Accordingly, it is a primary object of the present invention to provide an improved connector for shielded flat electrical cable which permits ready electrical connection and disconnection of the shield as well as the cable conductors. Additionally, it is an object of the present invention to provide such a connector which also serves a strain relief function.
In accordance with the present invention, a connector provides for electrically connecting a cable shield through the electrical contacts of the connector. The connector comprises a contact housing with electrical contacts fitted therein, a cover for maintaining the cable against the electrical contacts, and a shield clamp which may also serve as a strain relief member.
A conducting surface is bonded to at least one of the shield clamp and the cover. A cable sheath is removed from the portion of the cable extending between the shield clamp and the cover so that the cable shield engages the conducting surface. Means are provided for electrically connecting the conducting surface to at least one of the electrical contacts. Upon connection of the connector, the aforementioned electrical contact may engage an electrical contact of another connector or electrical device so as to provide convenient means for electrically connecting the cable shield. Disconnection is also conveniently effected in the manner of connectors lacking provisions for electrically connecting a cable shield. Means are provided for locking engagement of the cover and the contact housing and for locking engagement of the shield clamp with at least one of the cover and the contact housing.
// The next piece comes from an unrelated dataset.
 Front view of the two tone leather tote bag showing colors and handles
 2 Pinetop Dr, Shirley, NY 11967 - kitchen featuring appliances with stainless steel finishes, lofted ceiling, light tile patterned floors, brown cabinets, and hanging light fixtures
In a first embodiment, the conducting surface is bonded to a face of the shield clamp in the form of a strain relief member and is disposed so as to contact the cable shield extending between the strain relief and the cover. The contact housing has lateral openings exposing certain electrical contacts. The strain relief member has brackets with metallized protrusions. Upon assembly of the connector, the protrusions extend through the openings so as to effect physical and electrical contact with the respective electrical contacts. The brackets have metal surfaces extending between the conducting surface and the metallized protrusions to complete an electrical connection between the cable shield and the electrical contacts. The metallized protrusions and the openings cooperate to effect engagement of the strain relief member with the contact housing.
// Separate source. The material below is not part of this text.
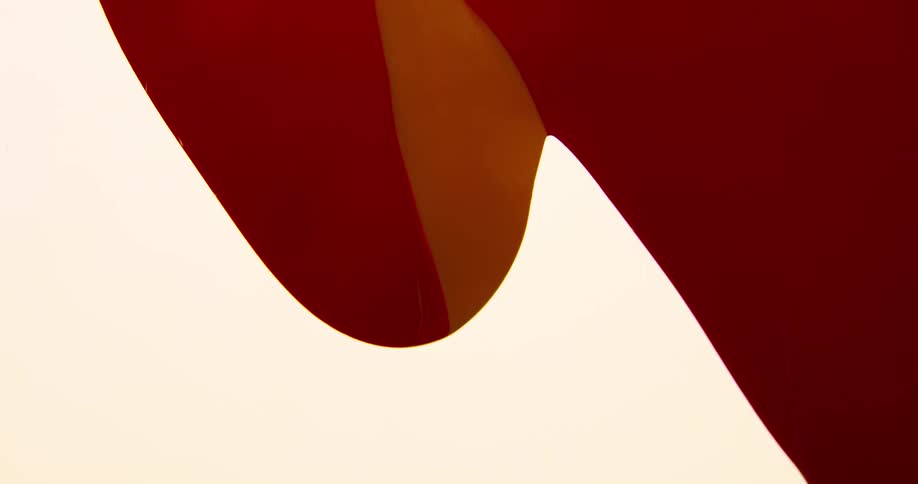 Red paint dripping down a white background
A second preferred embodiment differs from the first in that the openings to the contacts are in the cover rather than the contact housing. Metallized protrusions of the strain relief member effect physical and electrical contact with respective contacts. The metallized protrusions cooperate with the openings to effect locking engagement of the strain relief member with the cover.
In a third embodiment the conducting surface is bonded to the cover. Extended electrical contacts are elongated to protrude through the cover and the conducting surface; flared tines of the extended contacts effect physical and electrical contact with the conducting surface. When the cable shield is engaged by the conducting surface and the connector is connected to another connector or to an electrical device, the cable shield may be electrically connected through the respective extended contacts.
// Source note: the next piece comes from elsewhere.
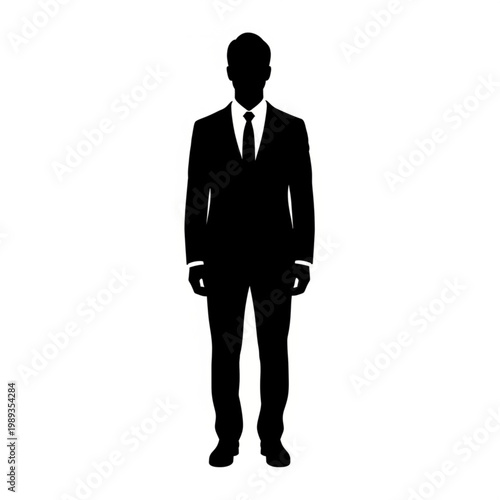 Silhouette of a Businessman Standing Alone.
In each of the embodiments, electrical connection of the cable shield is effected when the respective contacts in the cable connector are connected to contacts of the connector or electrical device to which connection is made. As is readily apparent, this electrical contact is effected/broken automatically with the connection/disconnection of the connector in the usual manner. A strain relief function is provided in a manner well known in the art by the doubling-back of the cable about the cover. Thus the connector of the present invention permits ready electrical connection of a cable shield, while also providing a strain relief function.
FIG. 1 is a perspective view of a connector in accordance with a first preferred embodiment of the present invention prior to assembly, with certain parts broken away.
FIG. 2 is a partial perspective view of the connector FIG. 1 showing portions of the contact housing and cover.
FIG. 3 is a perspective view of an assembled connector in accordance with the first preferred embodiment of the present invention, with certain parts broken away.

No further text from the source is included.